▸ **Problem details**: Using the data below, set down every line from the one containing "Racers tackle the" through the one containing "Könnte beinhalten: Ein", inclusive and unchanged. Pictures are to be skipped.

▸ **Study material**:
────

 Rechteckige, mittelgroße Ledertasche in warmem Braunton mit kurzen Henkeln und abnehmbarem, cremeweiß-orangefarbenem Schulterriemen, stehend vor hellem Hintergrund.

────

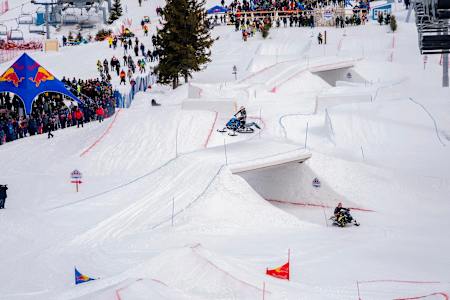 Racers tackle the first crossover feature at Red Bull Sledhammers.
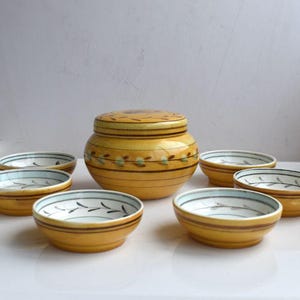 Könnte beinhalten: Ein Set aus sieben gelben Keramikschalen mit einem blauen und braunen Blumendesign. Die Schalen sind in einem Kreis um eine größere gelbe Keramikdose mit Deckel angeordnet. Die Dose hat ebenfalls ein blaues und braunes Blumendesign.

────

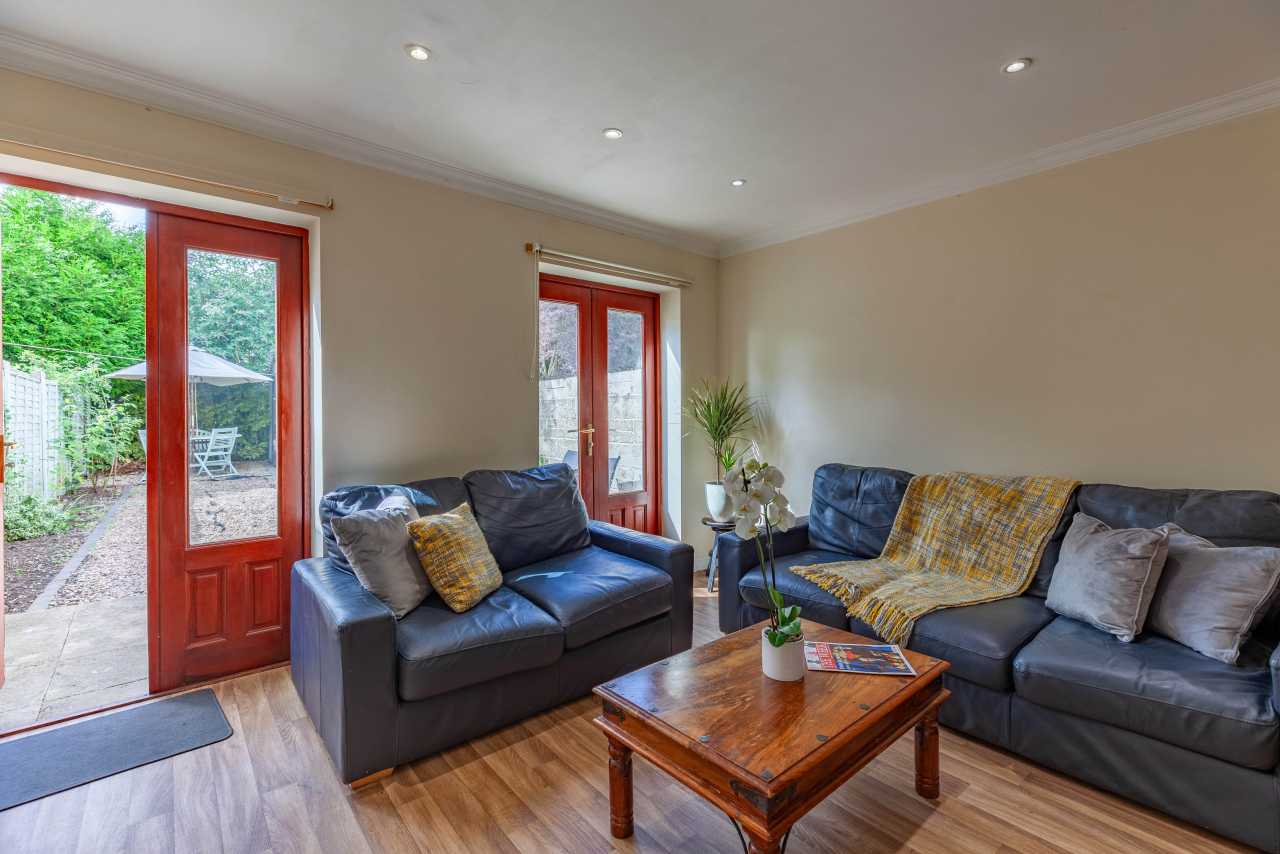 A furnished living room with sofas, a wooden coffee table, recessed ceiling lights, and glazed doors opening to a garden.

────

▸ **Response**:
 Racers tackle the first crossover feature at Red Bull Sledhammers.
 Könnte beinhalten: Ein Set aus sieben gelben Keramikschalen mit einem blauen und braunen Blumendesign. Die Schalen sind in einem Kreis um eine größere gelbe Keramikdose mit Deckel angeordnet. Die Dose hat ebenfalls ein blaues und braunes Blumendesign.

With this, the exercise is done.